Famine: impacts and adaption

Never blog when pissed [*] they said…

So, Kloor and Romm are having a dust up over stuff, and if you care you can read the details or even take sides (I’m with Kloor, you won’t be surprised to learn). But we can take a step back and consider a more generalised problem, in the context of Doctors Warn Climate Change is “Greatest Threat to Public Health”: suppose we care about famine in the third world (in the sense of wanting to do something about it, rather than in the sense of finding it interesting material to blog about it): what might we do?

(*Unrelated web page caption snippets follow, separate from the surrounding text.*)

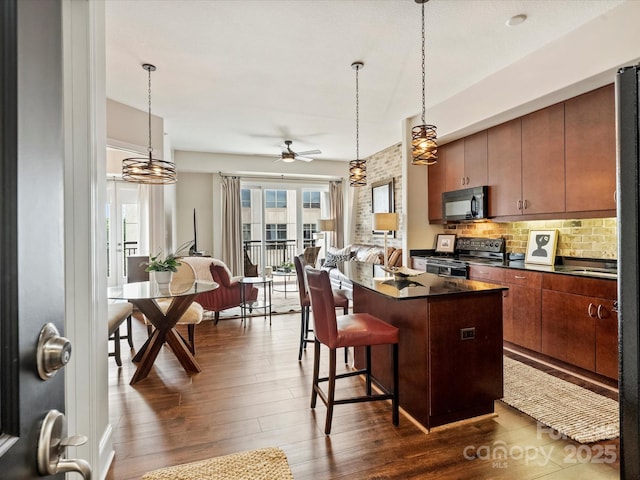 kitchen featuring black appliances, dark countertops, dark wood finished floors, a breakfast bar area, and a ceiling fan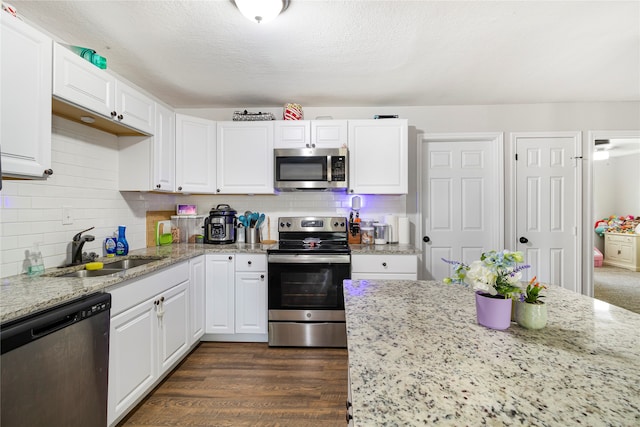 kitchen featuring appliances with stainless steel finishes, dark hardwood / wood-style floors, sink, and light stone counters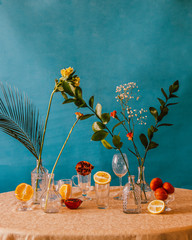 Citrus fruits and beautiful flowers in vases on a blue background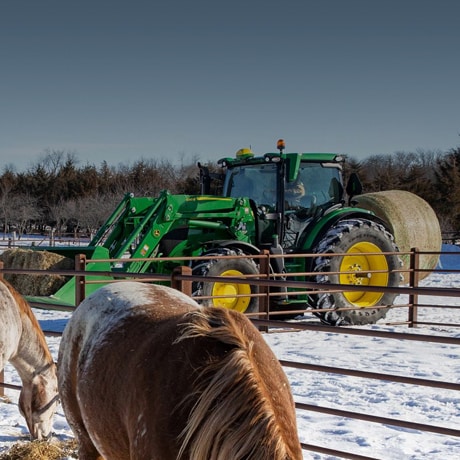 Tracteur sur une ferme et chevaux dans la neige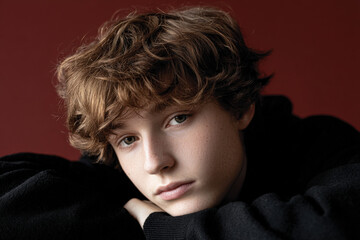 teenager sits with their head resting on their knees lost in deep thoughts and contemplation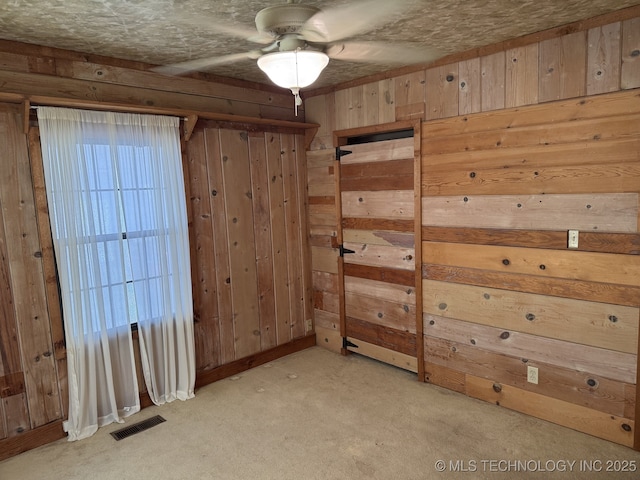 707 E 15th St, Okmulgee, OK 74447 - unfurnished room with wooden walls, light carpet, and a ceiling fan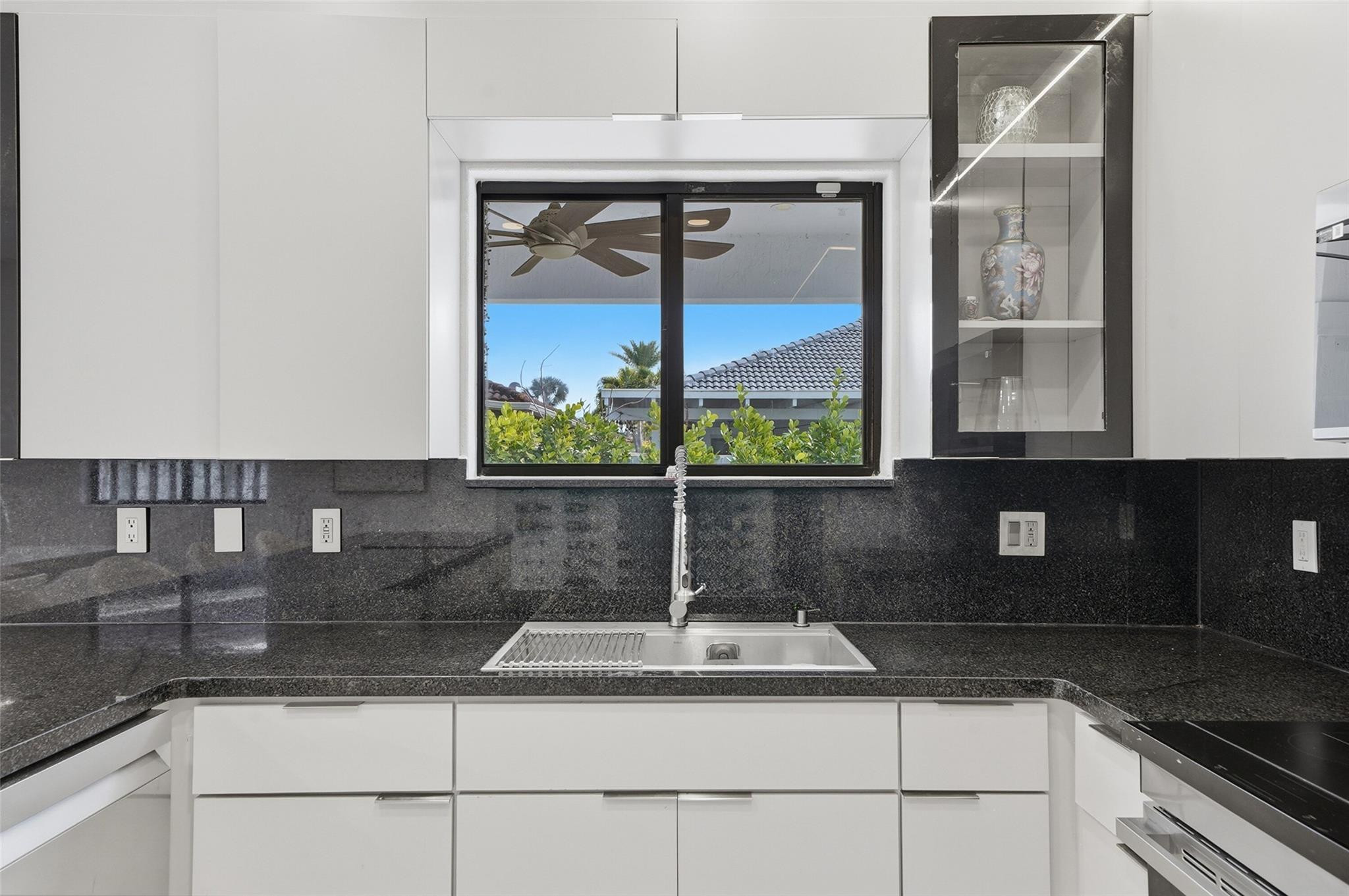 4429 Southwest 165th Court Miami, FL 33185 - Photo 18 of 58 a kitchen with a sink and a window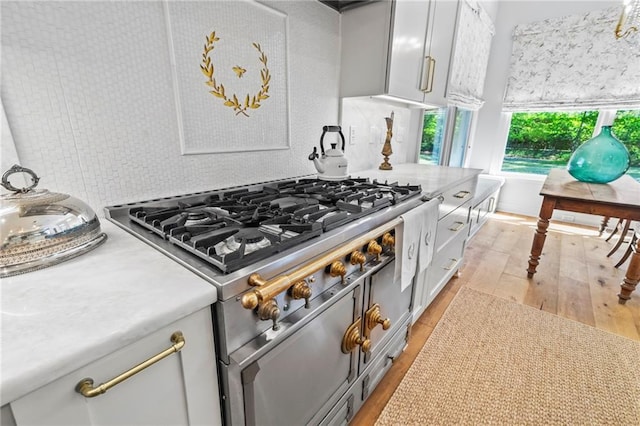 34 Riverdale Dr, Covington, LA 70433 - kitchen with range with two ovens, light wood finished floors, light countertops, and white cabinets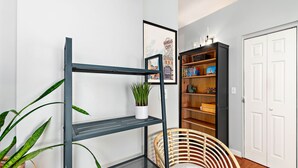 Ein Zimmer mit einem Metallregal, einem Korbstuhl, einem Bücherregal und einem gerahmten Bild an der Wand.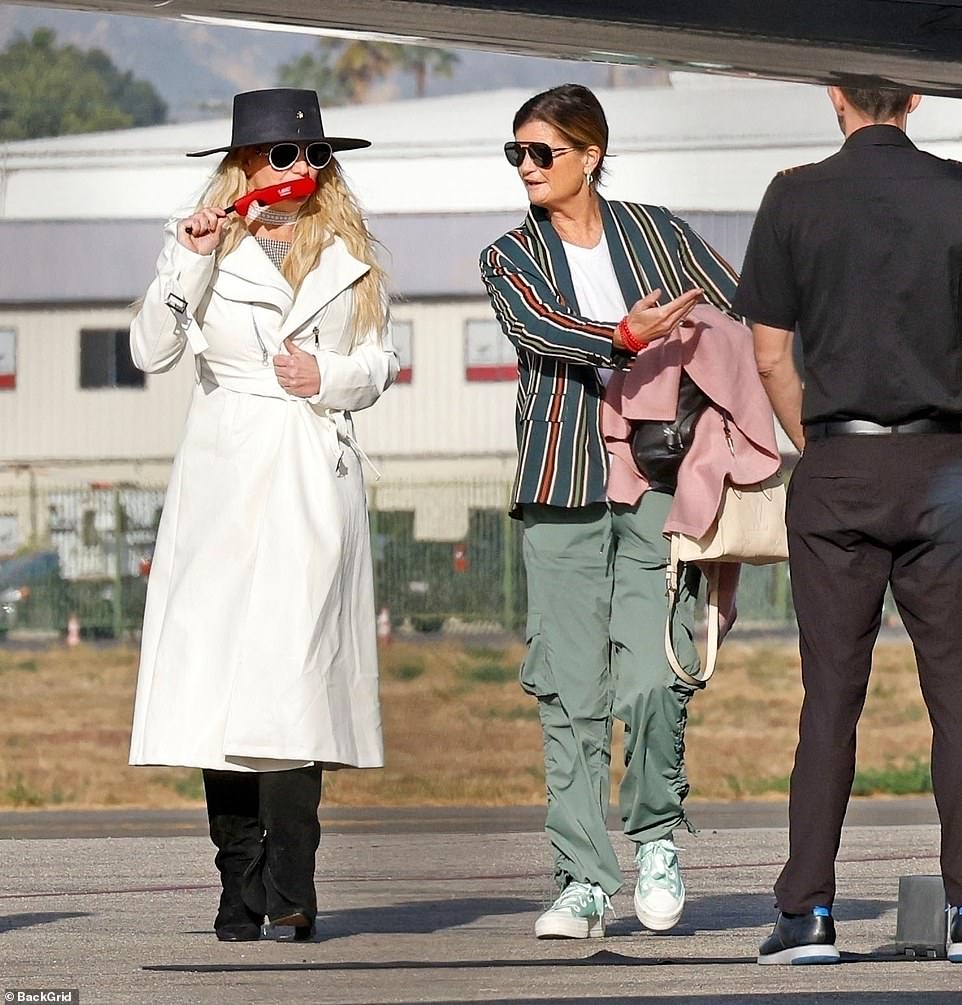 The Toxic hitmaker looked chic in a white trench coat paired with a plaid top and black knee-high boots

* stop climate change (reduce impacts)
* improve their governance (adaption)

Obviously the two are not exclusive, but more importantly it is likely that one factor is more significant than the other. Which might it be? I’ve been pretty skeptical about the chances of future famine in the past (pardon?) and I’m still skeptical, so my vote goes to choice 2: their big problem is governance. Climate might well be an aggravating factor, but in comparison to being shot up, attacked and generally having your entire civil society destroyed by armed gangs, climate comes a pretty poor second.

So temporarily ignoring the problem that “improve their governance” doesn’t have a glorious recent past (Afghanistan and Iraq being our most recent disaster areas; but we could look to Sierra Leone, or possibly Libya as better examples) I’d say option 2 is distinctly a better bet. Plus the associated externalities are positive too (not only do they not starve to death, they don’t get shot either).

[*] In the English sense, which is to say, when drunk.

[Update: AG reminds me that I really ought to have mentioned Civil conflicts are associated with the global climate. And you can read his \blog on it, too.]

Comments

  1. #1 Eli Rabett
    2011/10/19

    And

  2. #2 andrewt
    2011/10/19

    I remember being told when visiting Uganda about 20 years ago that even during the worst chaos of the Amin years people didn’t go hungry because the country was so fertile that large numbers of people could easily retreat into rural subsistence – not so Somalia in drought.

    [But what motto do you draw from that? That Somali is different from Uganda? That Amin wasn't as bad as the current non-government of Somalia? Or What? -W]

  3. #3 Vinny Burgoo
    2011/10/19

    Never blog when pissed [*] they said< \i>

    The depth of the sediment in your wheat beer is what matters, not the pissedness of … oh, hang on. I’m almost out of booze.

  4. #4 andrewt
    2011/10/19

    The moral I drew was abysmal government isn’t sufficient for famine. But maybe bad governance is the most tractable (least intractable) thing to fix as long as you are prepared to take decades to tackle it – but of course there is no reason why we need address only 1 factor anyway.

  5. #5 MMM
    2011/10/19

    So, for any one given climate impact, the answer is almost always that adaptation to the impact is easier, cheaper, and more effective than mitigation.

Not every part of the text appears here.